The challenge to the Christian faith is clear, even as it is often crudely put forth by secular critics. If God is both omnipotent and benevolent, how can disasters like this happen? This question was stated concisely by playwright Archibald MacLeish in his Pulitzer-prize winning play, J.B. Through his character Nickles, MacLeish poses the theological challenge: "If God is God, He is not good; if God is good, He is not God."

An example of how not to give a Christian answer was provided by the Archbishop of Canterbury, Rowan Williams. Writing in The Sunday Telegraph, Williams said this: "Every single random, accidental death is something that should upset a faith bound up with comfort and ready answers. Faced with the paralyzing magnitude of a disaster like this, we naturally feel more deeply outraged - and also more deeply helpless. We can't see how this is going to be dealt with, we can't see how to make it better.
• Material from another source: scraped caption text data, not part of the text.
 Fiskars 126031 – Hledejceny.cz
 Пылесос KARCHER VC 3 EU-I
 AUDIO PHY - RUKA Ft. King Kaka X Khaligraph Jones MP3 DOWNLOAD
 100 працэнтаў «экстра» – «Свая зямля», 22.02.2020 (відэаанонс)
We know, with a rather sick feeling, that we shall have to go on facing it and we can't make it go away or make ourselves feel good." The newspaper headlined the archbishop's column, "Of Course This Makes Us Doubt God's Existence." After the article was published, the archbishop protested the headline, and his spokesman claimed that the paper's characterization of the archbishop's article was "a misrepresentation of the archbishop's views."

In response, the paper acknowledged that while it may have misrepresented the archbishop's argument, nevertheless, "he himself must accept much of the blame." Surely speaking for the paper's readers as well as its editors, the paper observed, "His prose is so obscure, his thought processes so hard to follow, that his message is often unclear." In exasperation, the paper simply concluded, "If Dr. Williams hopes to teach and inspire his flock, he really must learn to express himself more clearly. Otherwise he will be forever doomed to be the victim of his own erudition."
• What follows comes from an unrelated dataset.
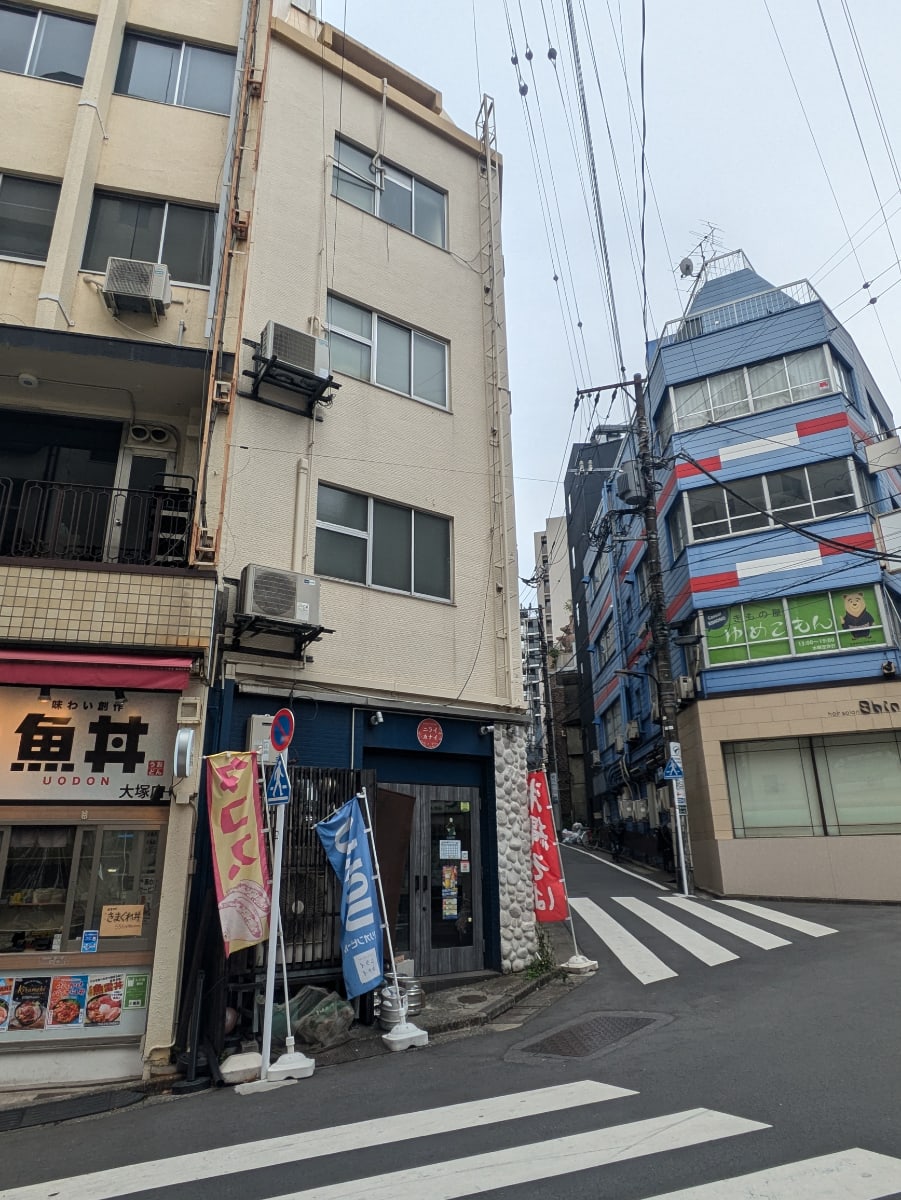 v20260331151546/fresh/building/J00100405689_11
In Australia, much closer to the tragedy, the Anglican Dean of Sydney, Phillip Jensen, explained that natural disasters are a part of God's warning that judgment is coming. Jensen was right of course, as Jesus Himself pointed to natural disasters as a warning to human beings of our own mortality and of the coming judgment of God. Nevertheless, this was too much for more liberal churchmen in Australia. Neil Brown, Dean of Saint Mary's Cathedral [Catholic] described Jensen's comments as "a rather horrible belief when you begin to think about it."

Well, that's orthodox Christian theology, when you think about it.  Jesus clearly warned His disciples that famines and earthquakes, along with wars and other ominous phenomena, would be the "birth pangs" of coming tribulation and judgment [Matthew 24:7-8].
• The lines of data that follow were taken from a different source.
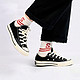 CONVERSE 匡威 All Star 1970s 中性运动帆布鞋 162058C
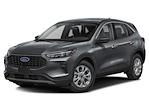 Used 2023 Ford Escape ACTIV thumbnail 1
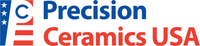 Precision Ceramics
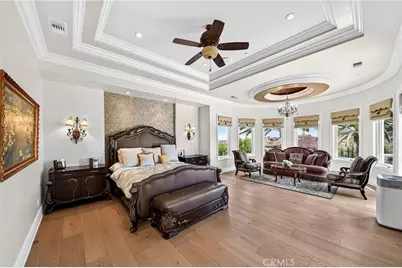 2465 Collinas, Chino Hills, CA 91709 - Photo 38
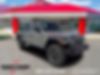 1C6JJTBG8ML542620-2021-jeep-gladiator-0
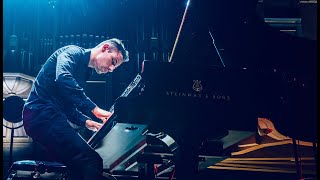 TOP 10 PIANO COVERS / Peter Bence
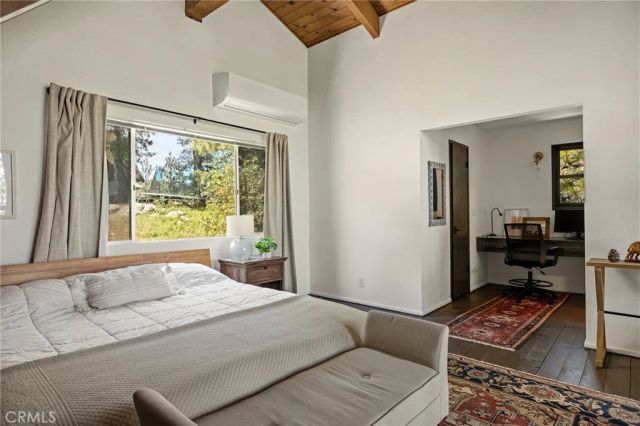 1361 St Anton, Lake Arrowhead, CA 92352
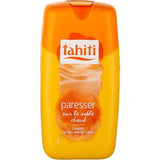 shower gel lazing on warm sand 250ml (#118939)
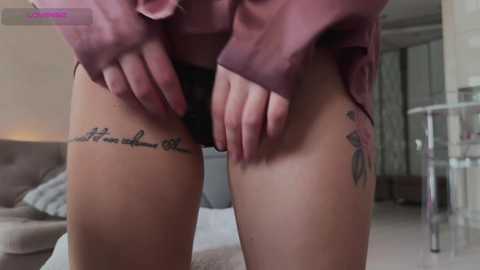 yourhanna free recording from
This is no time for theological hand-wringing and evasion. A great tragedy like this is often the catalyst for bad theology offered as soothing counsel from religious professionals.

A faithful Christian response will affirm the true character and power of God--His omnipotence and His benevolence. God is in control of the entire universe, and there is not even a single atom outside His sovereignty. And God's goodness and love are beyond question. The Bible leaves no room for equivocation on either truth.

We must speak where the Bible speaks, and be silent where the Scripture is silent. Christians must avoid offering explanations when God has not revealed an explanation. Finally, Christians must respond to a crisis like this by weeping with those who weep, by praying with fervent faithfulness, by offering concrete assistance in Christ's name and, most importantly, by bearing bold witness to the Gospel of Jesus Christ - the only way to bring life out of death.